Ici comme ailleurs, nous sommes victimes des clichés du XIXe siècle, via TF1. On voit le peintre affublé d’une blouse à col rond, des manches gigot idéales pour aller racler la toile, une palette de dix kilos au bout du bras, et des pinceaux de deux mètres, pour faire croire qu’il aime le recul, comme dans "La bohème ". Bref, l’usage rompt vite le cou a ces balivernes. Il faut se sentir bien. Tout doit être confortable, agréable. On doit absolument éviter tout effort inutile, tout geste dangereux qui renverserait le médium, l'huile et les essences. On doit être bien assis, face à sa toile, face à la partie qu'on travaille. Il ne faut ni s'étirer le cou ni s'effondrer dans les épaules. Le dos doit être maintenu.

Autre atelier

On ne doit jamais accepter d’être mal. Si la lumière ne convient pas, il faut faire en sorte qu’elle convienne : on bouge, on tourne, on invente. Beaucoup de peintres ont abandonné la canne au bout de cuir : cela déforme la toile et n’est pas pratique du tout. On préférera le "T " en balance, qui permet de poser la main au dessus de la toile, ou mieux, le cadre avec rail et "T " à roulettes et contrepoids, comme on le faisait à Venise. Quoiqu’il en soit, il suffit de se souvenir que peindre, contrairement aux clichés tenaces, n’est pas un martyre et ne doit jamais le devenir.
Quand on interrogeait Van Gogh sur sa "douleur " de peindre, il répondait que le seul moment où il ne souffrait pas était quand il peignait. Et c’est si vrai qu’on en oublierait le manger et le dormir quand on est passionné. Tous les passionnés vous le diront !
Les longues brosses n’ont d’utilité que parce qu’elles permettent le recul par rapport au travail. À partir du XVIIIe siècle, on a recherché la touche plus vive, plus enlevée. Le travail de Fragonard ou de Watteau, a ce titre, est édifiant. On ne cherche plus le détail, mais le mouvement et la touche en participe.
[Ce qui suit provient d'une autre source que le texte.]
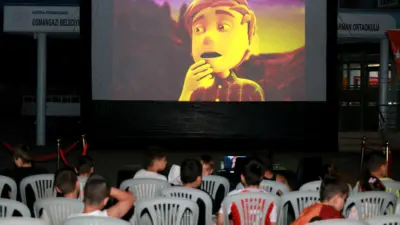 Osmangazi Belediyesi, çocukların yaz tatilini dolu dolu ve keyifli geçirebilmeleri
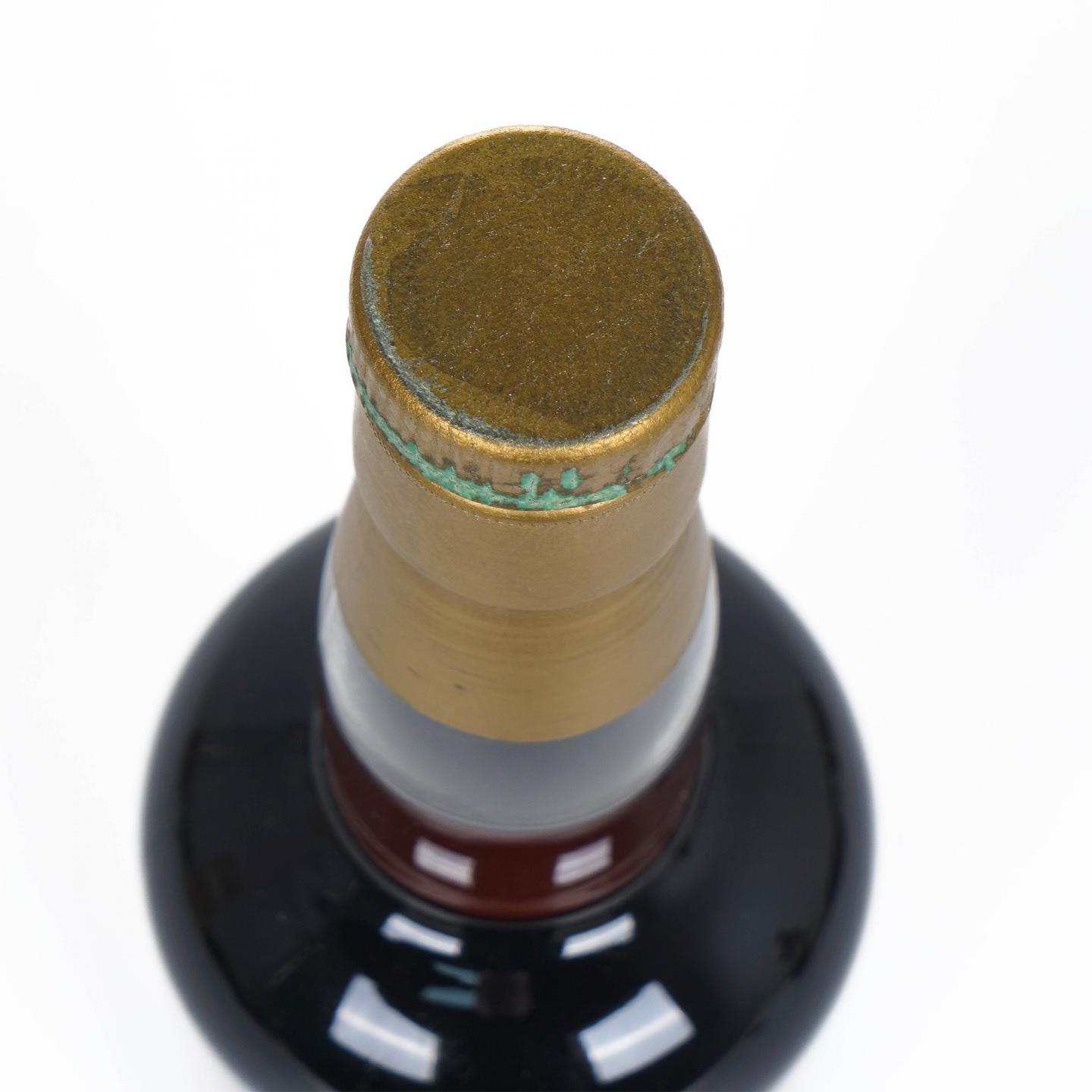 Bunnahabhain 布纳哈本 37年 1966 Murray McDavid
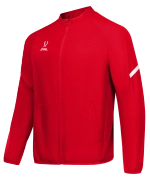 Куртка спортивная CAMP 2 Lined Jacket, красный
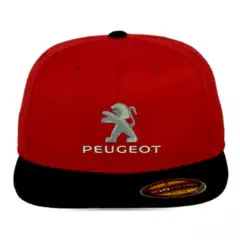 Peugeot-Snapback cap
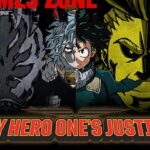 MY HERO ONE’S JUSTICE Free Download PC Game Setup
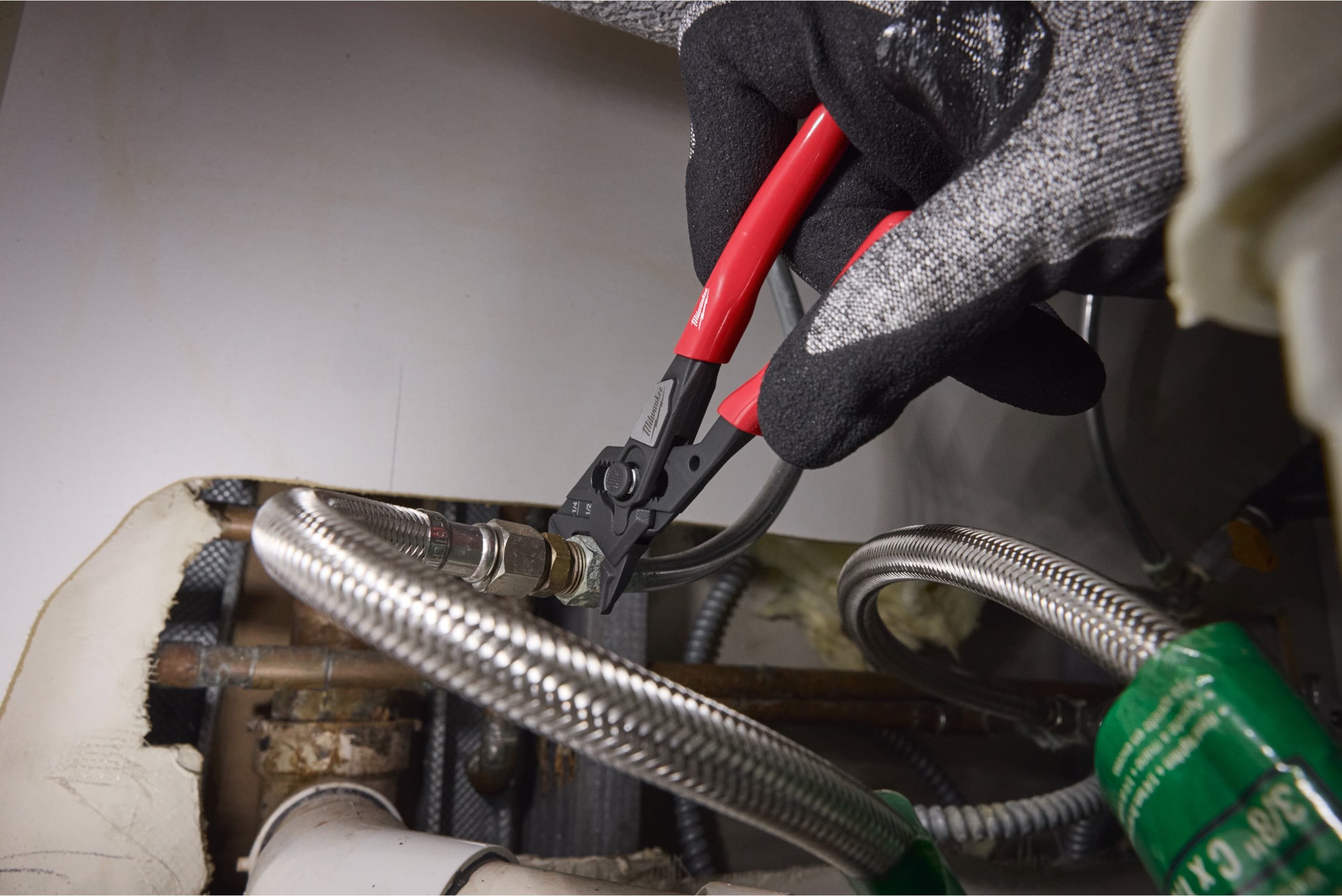 Milwaukee Tools Perpler Pliers Wrenches | Pliers | Milwaukee Tool EU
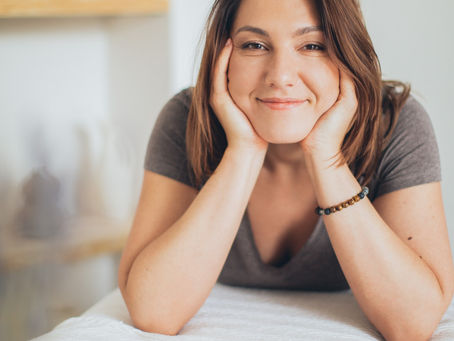 What is Thai massage like?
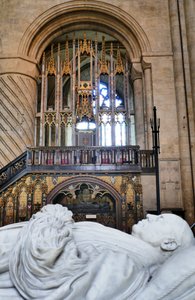 Durham Cathedral 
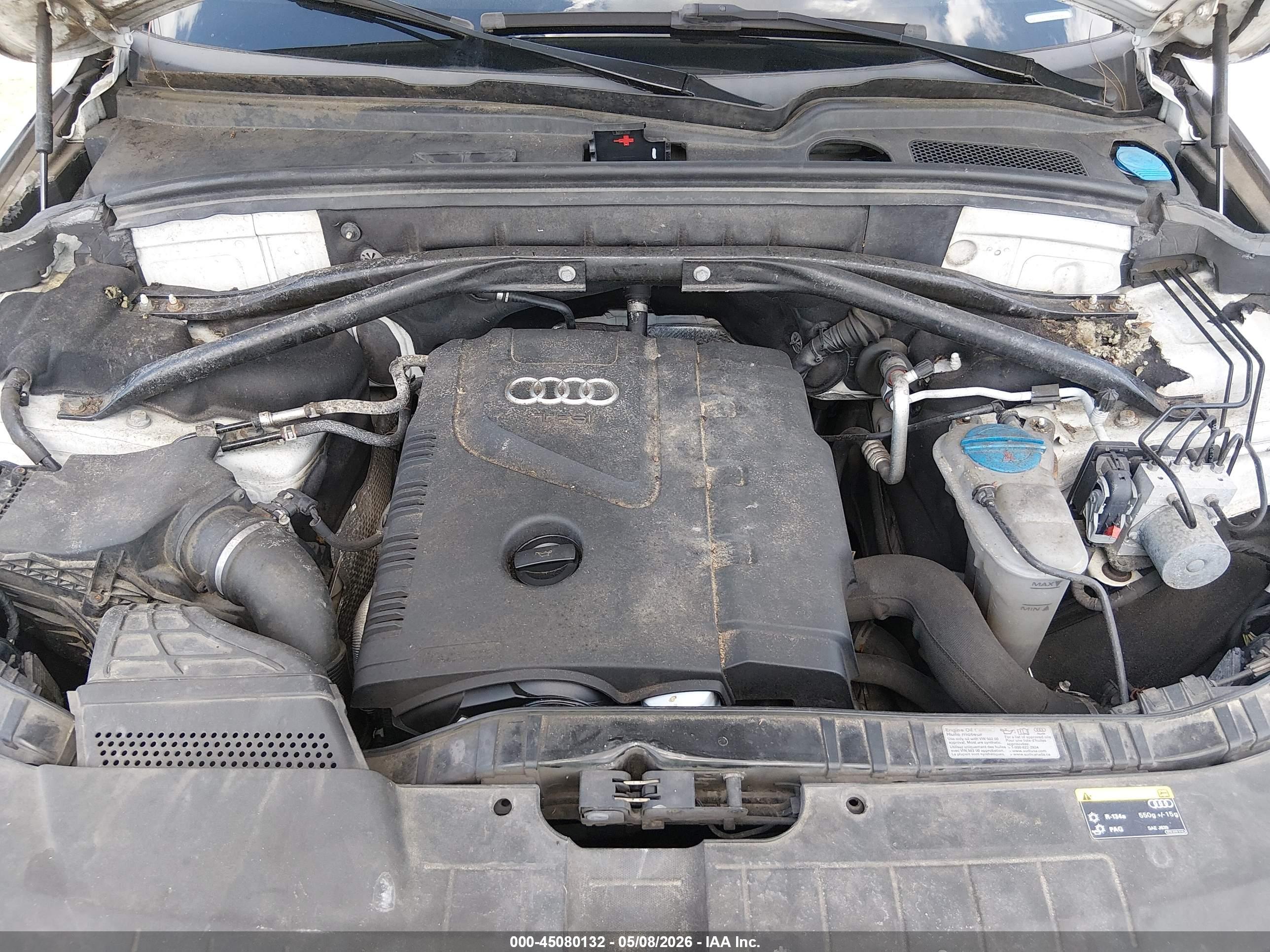 AUDI Q5 image 10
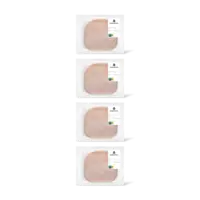AH Kalkoenborstfilet 4-pack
Dans ce cas, on avait besoin de juger du travail avec un certain recul, d’où les longues brosses. Certains ont forcé le trait – comme c’est souvent le cas des suiveurs – et se sont faits fabriquer des manches de plus d’un mètre : il fallait une fourche pour soutenir leur bras. Mais bon. L’histoire ne se souvient souvent que de l’exagération : c’est aussi le cas de la peinture "en extérieur " avec les impressionnistes. Essayez et vous verrez ce qu’il faut en penser. On ne peut y faire que des pochades, a moins d’aimer les peintures à poils, à plumes ou à brindilles! Par conséquent, restons simples. Prenons ce qui est adapté et seulement ce qui est adapté. Un tablier est plus pratique qu'une blouse d'autant que dans notre technique, il n'y a aucune raison de jeter de le peinture sur les rideaux. Le geste est sobre, les flacons petits, la peinture économique. Tout est à l'intérieur, rien dans le spectacle.